Since the first crews arrived in May 2021, Nick, now 39, has led the resistance to the road, rallying members of his community and others in the area to oppose its construction. These villages sit in the heart of the Torricelli Mountains, rainforest-covered peaks rising to 1,650 meters (5,410 feet) spread across some 1,850 square kilometers (714 square miles), an area two and a half times the size of Bengaluru, India. In addition to the road cutting through Nick’s land, he worries about the impact it could have on the region’s unique biodiversity.
Turning a well-worn foot path into a road would make it easier to move goods and access services from the forest-dappled peaks of the Torricellis to the coastal port of Aitape, which sits less than 32 km (20 mi) as the crow flies from Muku. But Nick and his colleagues at the Tenkile Conservation Alliance (TCA) say they worry that it would also open up the region to more logging and hunting in a place that’s home to critically endangered tree kangaroos and a host of other biodiversity. They also argue that it would be more cost-effective, and less disruptive to the ecosystem, to upgrade the existing Mai-Tadji road, which sits nearby and also connects these communities to the coast, to address the landslides that often impede and slow travel along it.
The TCA, where Nick is a project officer, has been working to conserve this part of the Torricellis for more than two decades. The pinnacle of that effort would be the official designation by the Papua New Guinea government of a long-in-the-works protected area. As recently as 2019, it seemed the country was on the cusp of recognizing the 1,850-km2 Torricelli Mountain Range Conservation Area (TMRCA). Since then, however, progress toward that goal has stalled.

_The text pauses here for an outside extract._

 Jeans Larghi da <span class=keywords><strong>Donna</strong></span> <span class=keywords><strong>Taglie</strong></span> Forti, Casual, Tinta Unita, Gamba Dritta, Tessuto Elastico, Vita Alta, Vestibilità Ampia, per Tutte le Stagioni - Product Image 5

Neither PNG’s Conservation and Environment Protection Authority (CEPA) nor the office of Simon Kipela, the minister of the environment, conservation and climate change, responded to Mongabay’s requests for comment about the status of the proposed TMRCA and accusations that companies operating in the Torricellis are working with police to intimidate local opponents to logging and road construction like Nick.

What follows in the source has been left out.